When firing a customer it's not you responsibility to find another contractor, at the most recommend contractor's that you feel so good work. 
When you fire an employee do you find them another employer? No it's not your problem.


----------



## Hydromaster (Jun 11, 2018)

You have informed her numerous times,
Send out a letter informing all customers
That your no longer plowing snow .
Maybe add a list of contractors to call.

How do you word it?
To who it may concern,
so and so business as is no longer plowing snow. You will need to find a new contractor. 
Thank you, XYZ.

Next, you need to move on.
When she calls don’t answer.


----------



## Mr.Markus (Jan 7, 2010)

I dont drop alot of customers, but I guess we all go through a few that haggle with someone elses better price.
I usually end a conversation with " I wish you the best with your new contractor!" and in the spirit of not burning bridges... 
"If it doesnt work out I would be happy to quote you again in the future!"
Its usually to the point and diplomatic, omit the second part if you have no intention of ever trying to rebuild your snow services.


----------



## SnowGuy (Jan 7, 2006)

I had a needy customer like that and the way I handled it was. I explained that the account required too much time. I have been charging $50 to do it and told her the only way I could do it the same way and continue on the price would be $150. She said oh my God and said no. Two days later she called back and re-hired me at $150 rate. I then subbed it out to two young gentleman that do a great job with snowblowers for 75 and still charge her 150 and she’s happy as a lark! And the two young gentleman that are doing it are doing an excellent job and are tickled to death with the $75 And I make $75.00 just for overseeing it and doing the billing. And no bridges burned!


----------



## TwiceStroked (Feb 8, 2010)

Mark Oomkes said:


> Tell her no means no...


Must be andy's family


----------



## TwiceStroked (Feb 8, 2010)

Mr.Markus said:


> Only other option is fake your own death...

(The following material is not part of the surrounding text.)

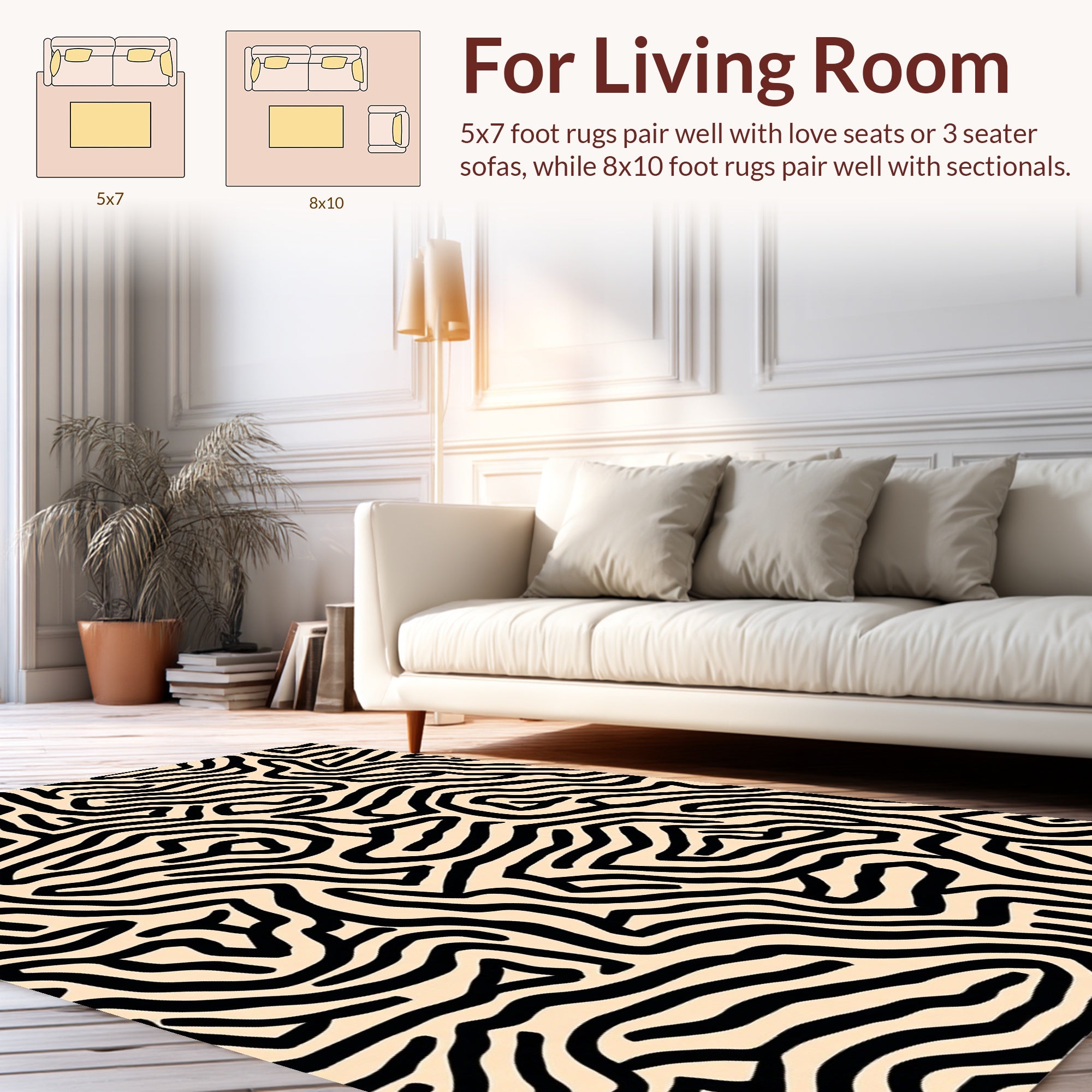 Bold Black Contour Pattern Rug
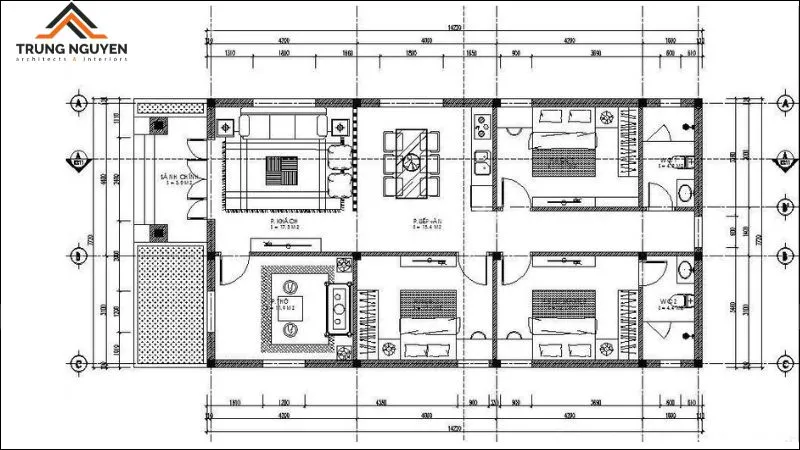 Bản vẽ nhà cấp 4 100m2 3 phòng ngủ 1 phòng thờ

My Robokiller does this, only problem is if they're smart enough 2 spoof number.


----------



## BUFF (Dec 24, 2009)

Going to sound a little old..... during the Reagan era you just said no.....


----------



## TOOMUCHWALKING (Jan 16, 2009)

"I gave you notice last year...goodbye!


----------



## jimf909 (Oct 11, 2021)

There's always more to the story but here's how I read this:

You had a year-round business serving customers and you're dropping your plowing services. Most of your customers accepted your message and moved on, possibly finding a better deal. One customer is not dealing with this well. We don't know her situation but it could be many things. Maybe you've provided her with awesome service for several years and she knows no one will do it as good as you. Maybe she doesn't want another service provider in her life. Maybe she doesn't know who to call. Maybe she's a jerk and you're the last person in town who will talk to her.

Regardless, she's still your customer because you're there every two weeks in the summer. This is coming down to two choices: drop her completely by terminating your summer services or keep the summer business and work with her to find your winter replacement. She's still your customer and deserves some support until you sever the relationship completely.


----------